Een PET-scan geeft een duidelijker beeld dan een octreoscan. Een ander voordeel: het duurt minder lang - slechts 2 uur. ?

Biopsie

Uw arts verwijdert enkele cellen uit de tumor. Hij kan ze eruit halen met een naald die hij door uw huid steekt. Een CT-scan of ander beeldvormend onderzoek kan helpen om de juiste plek te vinden.

Voor uw biopsie kan uw arts ook in uw spijsverteringskanaal kijken met een dunne, flexibele, verlichte buis met een camera aan het uiteinde. Dit wordt een endoscoop genoemd. Eén type heeft een ultrasound op het uiteinde - een apparaat dat een beeld maakt met geluidsgolven.

Voor de endoscopie krijgt u medicijnen om u te ontspannen. Het kan zijn dat u een nacht moet vasten voor de procedure. En u moet medicijnen vermijden die uw bloed kunnen verdunnen, zoals aspirine.

Nadat de cellen zijn verwijderd, controleert een specialist ze onder een microscoop om te zien of het om kanker gaat. Door de biopsie kan de specialist ook de kenmerken ervan bekijken en voorspellen hoe uw ziekte zich verder zal ontwikkelen.

Uw biopsiemonster kan ook worden onderzocht om te zien of het bepaalde genen of eiwitten bevat.

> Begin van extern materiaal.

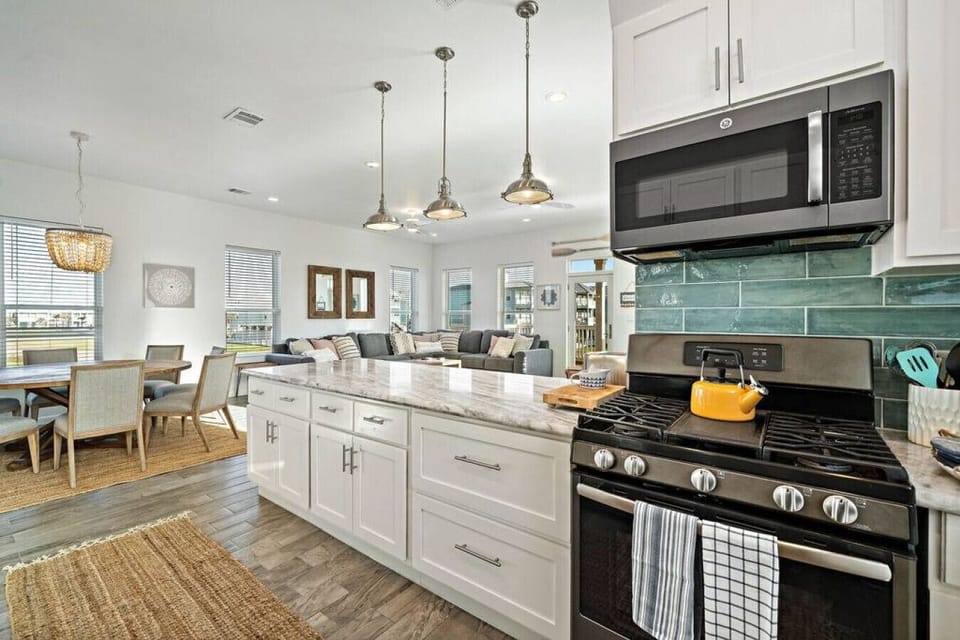 Create lasting memories in the kitchen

Als dat het geval is, kan uw arts u behandelingen voorstellen die zich op die stoffen richten.

Na de testen

Als de resultaten aantonen dat u een kankerachtig NET hebt, zal uw arts uw ziekte een graad en stadium geven. Deze beschrijven de grootte van uw kanker, hoe het er onder een microscoop uitziet, en of het is gegroeid en uitgezaaid. Aan de hand van deze informatie kan uw arts beslissen wat de beste behandeling voor u is.